» Input data
Segment Open
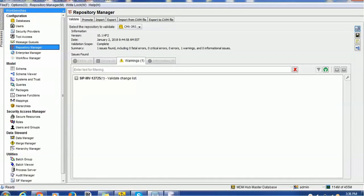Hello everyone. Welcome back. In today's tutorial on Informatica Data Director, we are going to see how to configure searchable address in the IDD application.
Segment Closed
Segment Open
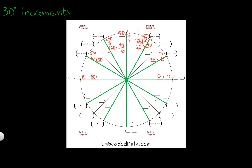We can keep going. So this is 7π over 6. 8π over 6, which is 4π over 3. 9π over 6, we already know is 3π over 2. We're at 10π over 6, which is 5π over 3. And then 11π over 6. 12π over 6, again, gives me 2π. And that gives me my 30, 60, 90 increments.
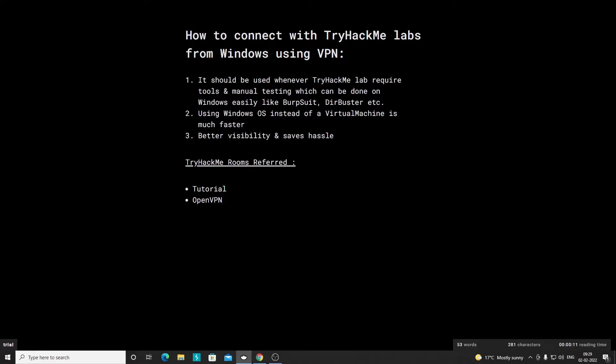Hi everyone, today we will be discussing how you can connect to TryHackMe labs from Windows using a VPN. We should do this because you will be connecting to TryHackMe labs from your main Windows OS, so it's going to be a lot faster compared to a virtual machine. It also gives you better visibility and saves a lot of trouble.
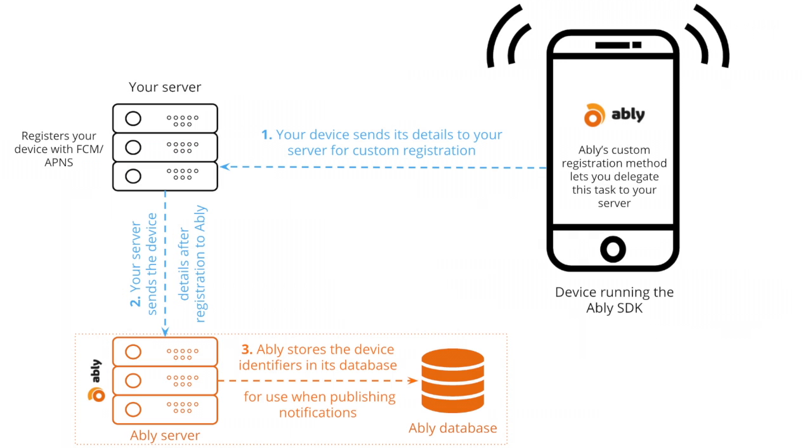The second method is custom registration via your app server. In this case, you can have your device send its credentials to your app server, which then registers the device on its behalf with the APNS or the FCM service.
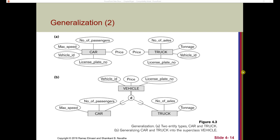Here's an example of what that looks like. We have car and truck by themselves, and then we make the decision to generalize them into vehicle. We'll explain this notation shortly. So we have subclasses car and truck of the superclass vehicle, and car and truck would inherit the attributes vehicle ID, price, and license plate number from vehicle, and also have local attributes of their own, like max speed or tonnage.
Segment Closed
Segment Open
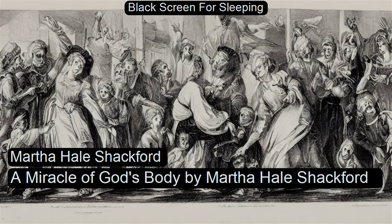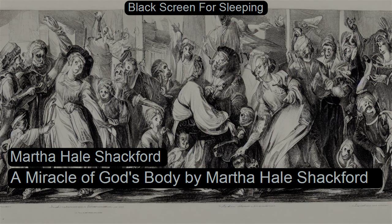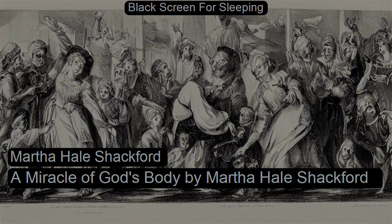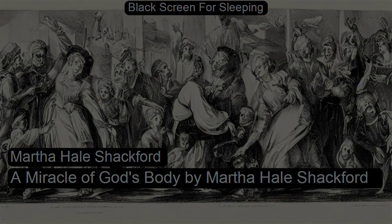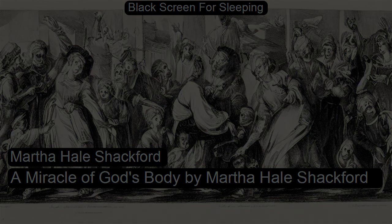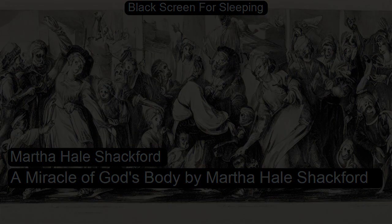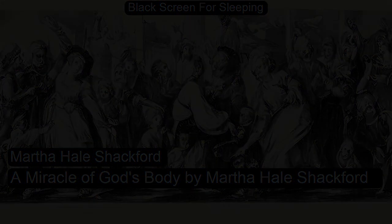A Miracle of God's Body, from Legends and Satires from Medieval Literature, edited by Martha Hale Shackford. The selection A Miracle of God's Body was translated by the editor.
Segment Closed
» Exercise aim
Nothing but the lines above, starting at the line that contains "We can keep" and ending at the line that contains "Here's an example", should be given again, exactly and without the pictures.

» Answer
We can keep going. So this is 7π over 6. 8π over 6, which is 4π over 3. 9π over 6, we already know is 3π over 2. We're at 10π over 6, which is 5π over 3. And then 11π over 6. 12π over 6, again, gives me 2π. And that gives me my 30, 60, 90 increments.
Hi everyone, today we will be discussing how you can connect to TryHackMe labs from Windows using a VPN. We should do this because you will be connecting to TryHackMe labs from your main Windows OS, so it's going to be a lot faster compared to a virtual machine. It also gives you better visibility and saves a lot of trouble.
The second method is custom registration via your app server. In this case, you can have your device send its credentials to your app server, which then registers the device on its behalf with the APNS or the FCM service.
Here's an example of what that looks like. We have car and truck by themselves, and then we make the decision to generalize them into vehicle. We'll explain this notation shortly. So we have subclasses car and truck of the superclass vehicle, and car and truck would inherit the attributes vehicle ID, price, and license plate number from vehicle, and also have local attributes of their own, like max speed or tonnage.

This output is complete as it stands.